Applies To: Windows Server 2003, Windows Server 2003 R2, Windows Server 2003 with SP1, Windows Server 2003 with SP2

Resource failure

The Cluster service considers a resource to be failed when the resource is not operational and cannot be restarted on the current host node. The Cluster service detects resource failure as follows:

  • At periodic intervals, the Cluster service checks to see whether the resource appears operational. It does this by periodically invoking the Resource Monitor. The Resource Monitor, in turn, relies on the resource dynamic-link library (DLL) for each resource to implement a procedure to detect whether the resource is functioning properly. The resource DLL communicates the results back through the Resource Monitor to the Cluster service. You can specify how frequently the Cluster service checks for failed resources by setting the Looks Alive and Is Alive poll intervals. The Cluster service requests a more thorough check of the resource's state at each Is Alive interval than it does at each Looks Alive interval; therefore, the Is Alive poll interval is typically longer than the Looks Alive poll interval. For more information on how to set poll intervals, see Specify the restart policy for a resource.
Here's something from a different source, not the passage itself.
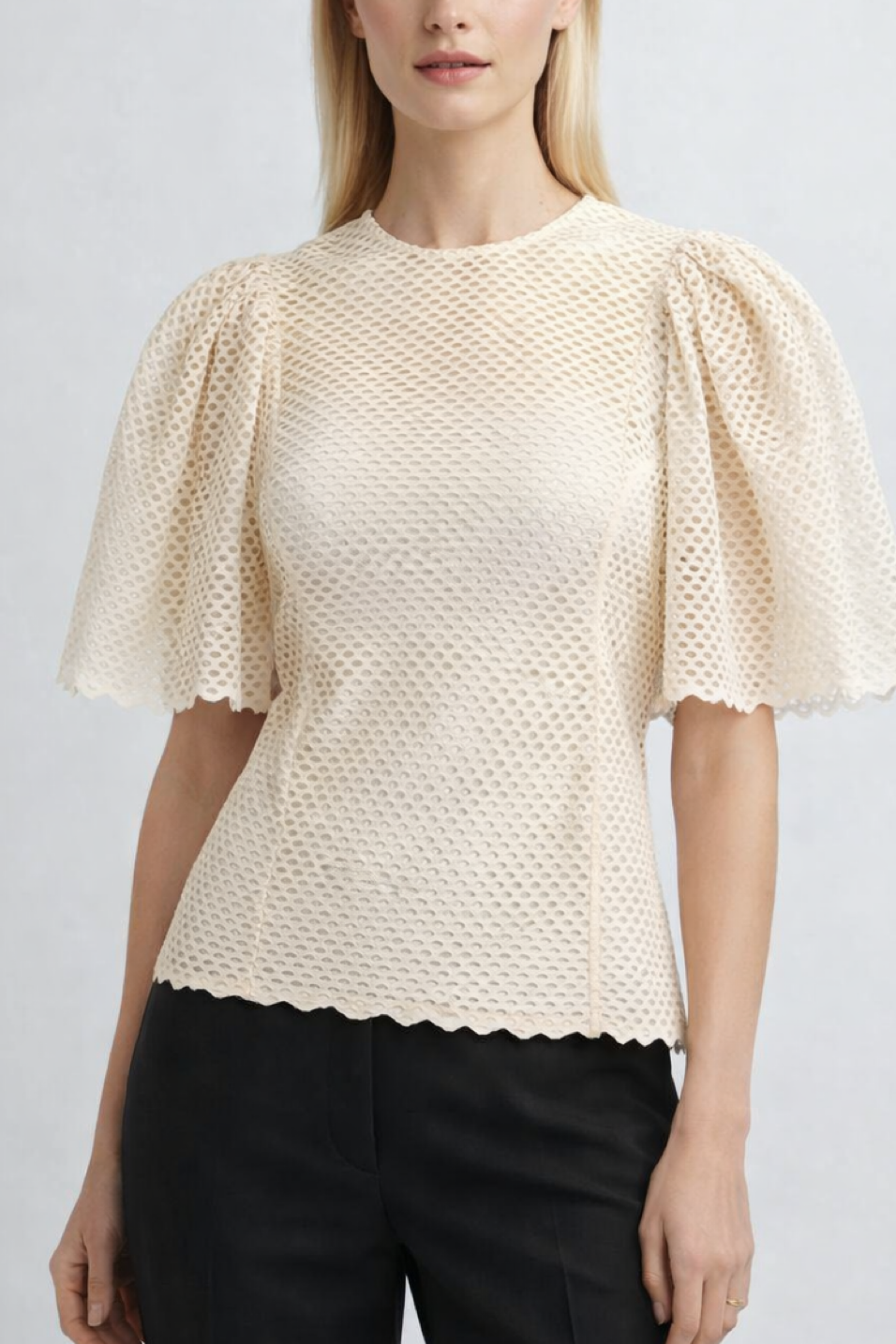 Woman wearing a beige textured blouse with puffed sleeves on a plain background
    For more information on Resource Monitors, see Resource Monitors.

  • If the resource DLL reports that the resource is not operational, the Cluster service attempts to restart the resource. You can specify the number of times the Cluster service can attempt to restart a resource in a given time interval. If the Cluster service exceeds the maximum number of restart attempts within the specified time period, and the resource is still not operational, the Cluster service considers the resource to be failed. For more information, see Set group failover policy.

You can configure whether a failed resource causes the group that contains the resource to be failed over to another node. For more information, see the section about setting advanced resource properties in Setting resource properties.

For more information on cluster resources, see Server Cluster Resources.

If the failed resource is configured to cause the group that contains the resource to fail over to another node, Cluster service will attempt a failover. If the number of failover attempts exceeds the group's threshold and the resource is still in a failed state, Cluster service will attempt a restart of the resource. The restart attempt will be made after a period of time specified by the resource's Retry Period On Failure property, a property common to all resources. It first tries to restart and then to fail over a resource.

Even though the unit value of this property is in milliseconds, choose a value that is in the order of minutes. Also, choose a value that is greater or equal to the value of the resource's restart period property and enforce this rule.